On peut avoir l’impression de bien connaître les canons de la beauté du monde grec antique qui ont été transmis par les arts plastiques, la statuaire en particulier, tant ils ont inspiré ceux de la Renaissance et de la période classique, dont l’époque moderne est une héritière. Au XVIIIe siècle, Joachim Winckelmann a érigé la sculpture grecque classique en modèle esthétique, et pour longtemps. On peut repérer aujourd’hui encore dans certaines poses prises par des mannequins masculins le contrapposto du Doryphore de Polyclète, connu par une «version» romaine en marbre conservée au Musée de Naples.

Musée de Naples
On connaît aussi l’importance de la kalokagathia à Athènes à la période classique : la conjonction entre la beauté et la qualité d’aristocrate associée à des valeurs morales et civiques. En outre, Florence Gherchanoc1 a récemment montré l’importance du modèle divin pour définir la beauté, au masculin et au féminin, des êtres humains qui apparaissent dans les textes les plus variés et au sein de diverses pratiques (en particulier les concours de beauté féminins et masculins).
Mais qu’en était-il dans le monde romain, tel qu’on peut le comprendre à partir des témoignages littéraires de la fin de la République (1er s. avant J.-C.) et des deux premiers siècles de l’Empire ? Qu’est-ce qu’un beau corps ? Qu’est-ce qu’une allure et une tenue «décentes», pour un citoyen romain ou une matrona de la fin de la République et du Haut-Empire ?
Beautés romaines
Si on peut considérer, en s’appuyant sur le lexique latin, qu’il y a, dans les textes, coïncidence entre beauté physique et beauté morale, et, inversement, entre laideur physique et laideur morale 2, cependant, d’après ces mêmes textes, il existe plusieurs types de beauté, dont toutes ne sont pas conditionnées par la conformité à des normes morales. Il en va ainsi de la beauté des pueri delicati, les jeunes esclaves, imberbes, aux cheveux fournis, qui constituent un délice pour les yeux du maître et de ses invités au banquet. Il s’agit ici d’une beauté « à la grecque », inspirée des canons de beauté qu’on peut trouver dans les textes des poètes, des médecins ou des auteurs des dits « romans » grecs : teint éclatant et sain mêlé de blanc et de rouge, peau lisse, blondeur. La beauté attribuée aux héros épiques, notamment celle des jeunes princes troyens qui entourent Énée dans le poème de Virgile, a elle aussi pour modèle la beauté des vaillants héros des épopées grecques.
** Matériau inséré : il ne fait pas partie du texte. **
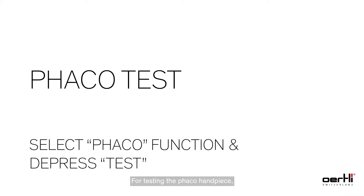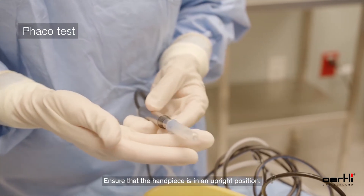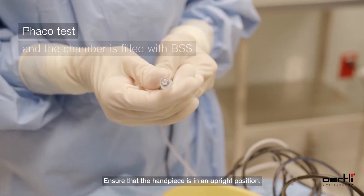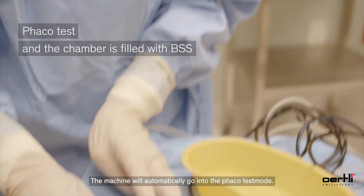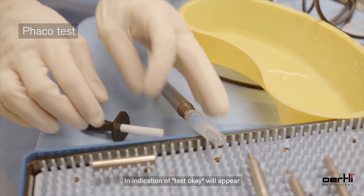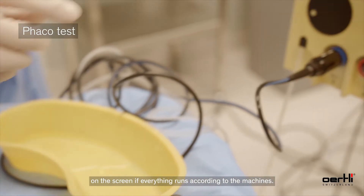For testing the FACO handpiece, ensure the test chamber is securely on the FACO handpiece and that the handpiece is in an upright position. The machine will automatically go into the FACO test mode. An indication of 'test okay' will appear on the screen if everything runs according to the machine's parameters.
Mais, à côté de cette beauté qui emprunte à des stéréotypes littéraires, il existe une beauté convenable, celle de l’homme de bien (vir bonus), qui correspond à ce que Cicéron en particulier (dans son traité Les devoirs) désigne sous le nom de dignitas. Celle-ci tient moins à l’esthétisme des traits du visage et de la forme du corps, qu’à une convenance dans la façon de se vêtir et de se tenir (habitus), dans la démarche (incessus) et dans l’ensemble des signes corporels : gestes, voix, regards. Ici, le corps évalué est vivant, en mouvement et vêtu. Et son modèle n’est pas le corps divin, encore moins la représentation du corps divin en nudité.
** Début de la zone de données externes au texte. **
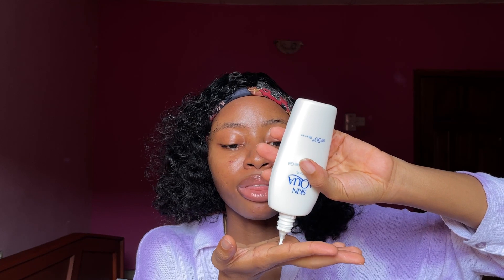Now let's do the second reapplication. Let's assume four hours have elapsed and we want to reapply the sunscreen. We're going to use the two-finger method again — this is the accurate amount of sunscreen you should be applying. Two fingers is where you get the best protection.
En contexte romain, la beauté physique, qui est essentiellement celle du visage, seule partie visible du corps du citoyen enveloppé dans la toge, est plus un danger qu’un avantage pour l’exercice de la vie publique : elle peut être source de désirs indécents de la part d’hommes ou de femmes et de médisances. Les épouses honorables des citoyens sont de même couvertes de vêtements, tête comprise, quand elles sont à l’extérieur de la maison.
Lire les signes du corps
La conception de la beauté convenable, en adéquation avec le statut social, le lieu et le moment, prend place dans une société du face-à-face, où les expressions du visage (vultus) et toutes les manifestations du corps sont susceptibles d’être déchiffrées, interprétées, commentées.
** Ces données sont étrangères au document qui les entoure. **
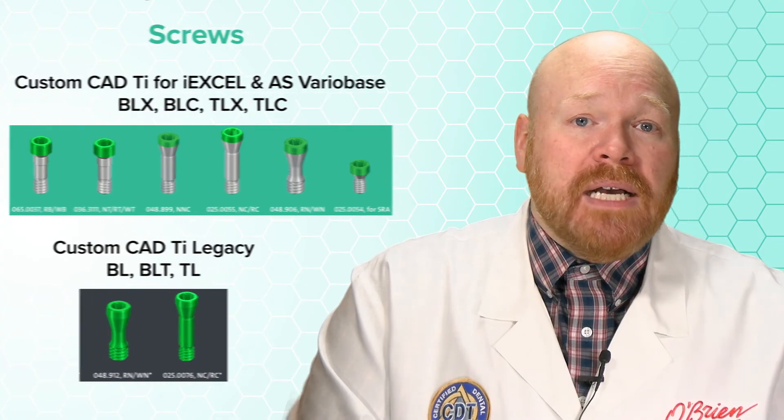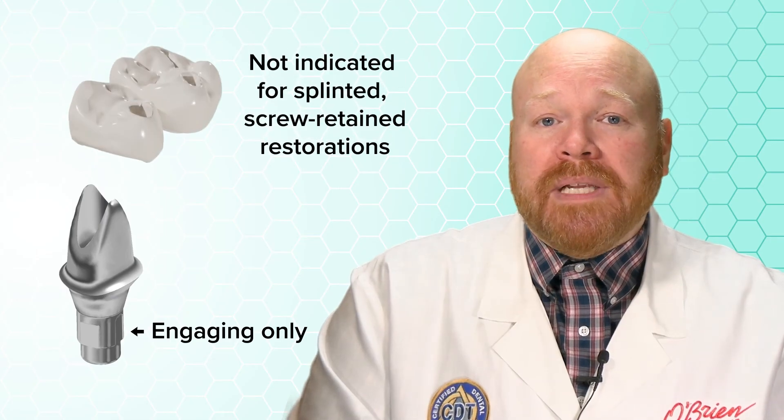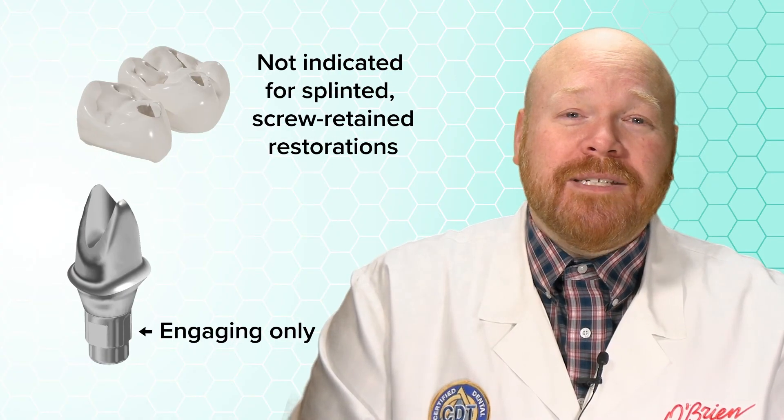As with Strauman's other custom abutments, these are only offered with an engaging interface, so they are not indicated for splinted, screw-retained restorations. I hope you found this video helpful, and as always, feel free to contact us with any questions. See you next time.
Cette « lecture » des signes du corps est à l’œuvre dans la physiognomonie, mais elle déborde largement le cadre des traités qui exposent ce type de connaissances et de pratiques, notamment parce qu’elle concerne bien d’autres signes que les traits du visage ou la forme des parties du corps : le maintien, l’allure, la façon de porter le vêtement, de se mouvoir avec lui, ce qu’on peut appeler la présentation de soi. Les deux types de lecture ont cependant en commun d’accorder une grande importance à l’impression générale (ce que les traités de physiognomonie appellent epiprepeia) et de fonder certaines interprétations morales sur un détail isolé (un geste de la main, par exemple).

Pour les hommes, la dignitas, qu’on peut traduire par prestance – comme l’a fait Danièle Conso3 –, est un élément essentiel de la carrière oratoire et politique. Elle joue, pour celui qui en est porteur, le rôle d’une commendatio : elle le « recommande » favorablement auprès d’un auditoire, auprès de ses pairs comme de ses obligés. La dignitas suppose de donner à autrui une impression d’ensemble favorable, dépourvue de signes d’efféminement (mollitia).
Cette mollitia, à la fois « mollesse » et « efféminement », s’oppose à des qualités tant physiques que morales : la fermeté (duritia, firmitas), le sérieux (gravitas), la maîtrise de soi (constantia). De même, l’ondulation ou les lignes brisées du corps, des gestes, mais aussi de la voix et même des cheveux s’opposent à la rectitude du maintien du corps et de la moralité.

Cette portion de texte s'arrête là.